I haven't checked price's yet but I think I'm leaning toward the Blizzard

Also does anyone have picture's of there GMC 1500 (99-06) with just the mounting bracket of any of these plows? Want to get an idea of how low the mount will be hanging down with the plow removed.


----------



## basher (Nov 13, 2004)

RC4X4;1291556 said:


> Also does anyone have picture's of there GMC 1500 (99-06) with just the mounting bracket of any of these plows? Want to get an idea of how low the mount will be hanging down with the plow removed.

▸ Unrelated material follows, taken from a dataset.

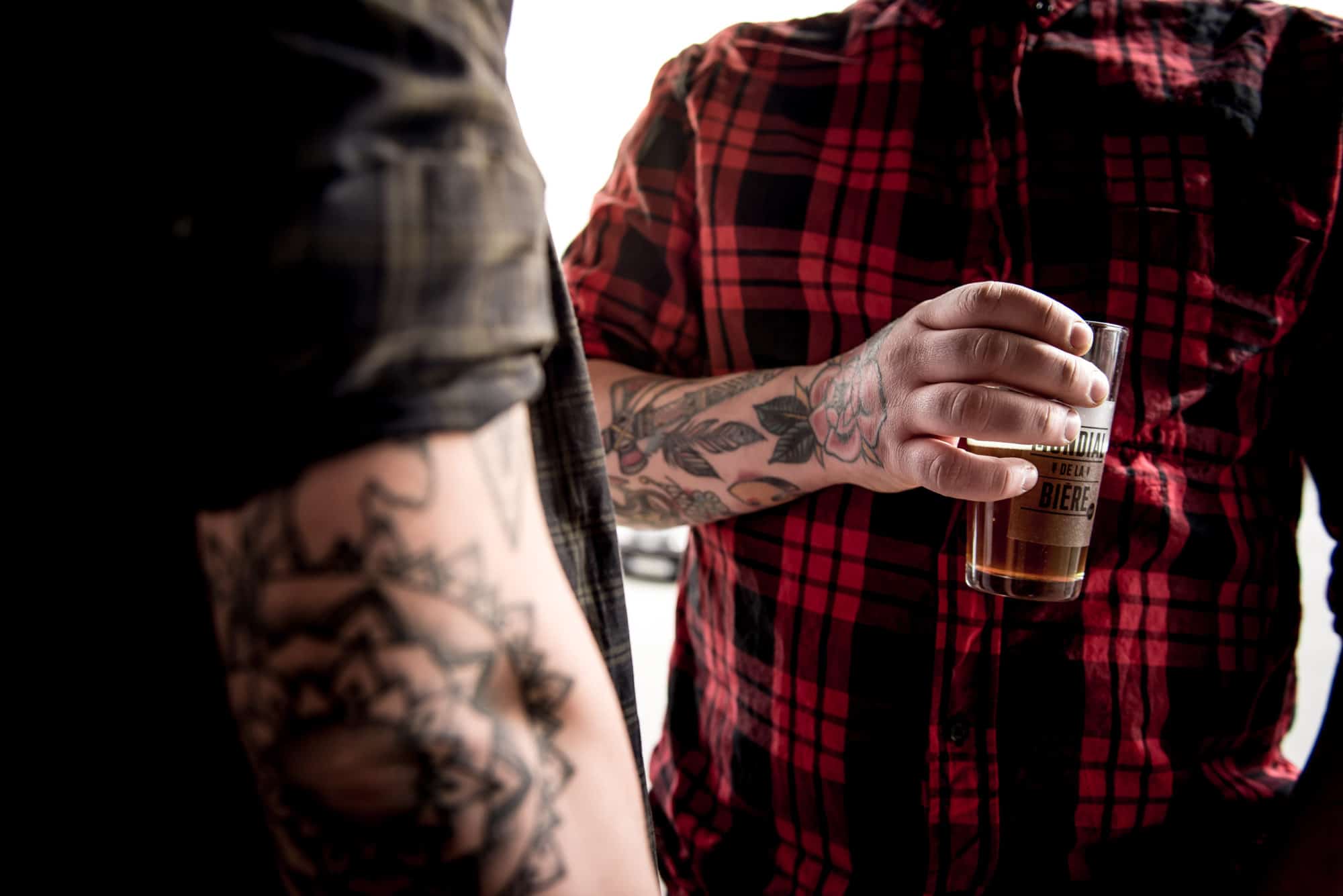 The Paris Beer Festival takes place in May, and allows you to taste lots of different craft beers like this tattooed man holding a glass of beer.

There are pictures on my facebook page from last season of the SD mount installed and you can get an idea from the manufacturer's websites, just clink the banner at the top of this page.


----------



## JD822 (Aug 4, 2011)

You will probably be in the arena of $4-4500 for any of those plows. i am basing this off of CPW pricing of the bigger blades. Personally, I would find a local dealer to buy it from. I have learned they are more "accomodating" if you purchase it from them then if you buy it from someone else.


----------



## Tony350 (Feb 6, 2010)

Not trying to deter you but a wing plow night be a little heavy for a half ton set up. Maybe a blizzard speed wing or a boss 7.5 v. You can try the quickmatch section and see what plows are light enough for your truck.


----------



## SNOWANDICEMAN (Sep 11, 2007)

I think Tony is right I heard the same thing from a blizzard dealer.


----------



## Bigcat99 (Jan 7, 2009)

Tony350;1296599 said:


> Not trying to deter you but a wing plow night be a little heavy for a half ton set up. Maybe a blizzard speed wing or a boss 7.5 v. You can try the quickmatch section and see what plows are light enough for your truck.

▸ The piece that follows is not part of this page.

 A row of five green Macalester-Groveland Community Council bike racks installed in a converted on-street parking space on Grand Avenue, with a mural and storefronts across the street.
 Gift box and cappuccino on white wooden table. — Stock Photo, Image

Been running the Boss 7'6V on my '04 1500CCSB Z71 since mid Jan of 09. Just doing 6-10 driveways, and to this point no issues with either truck or plow. Of course, there are those who will tell you it's too much for the truck (including Boss and GM), and its logical that the more you beat anything, the faster stuff will go wrong. After all, it's not a tank. I run timbrens up front, ~600lbs of ballast in the box, & come to a complete stop before changing gears( 4L60E is no Allison, LOL). Still need to get some gussets on the frame for extra protection. Do a search on them.

Good luck!


----------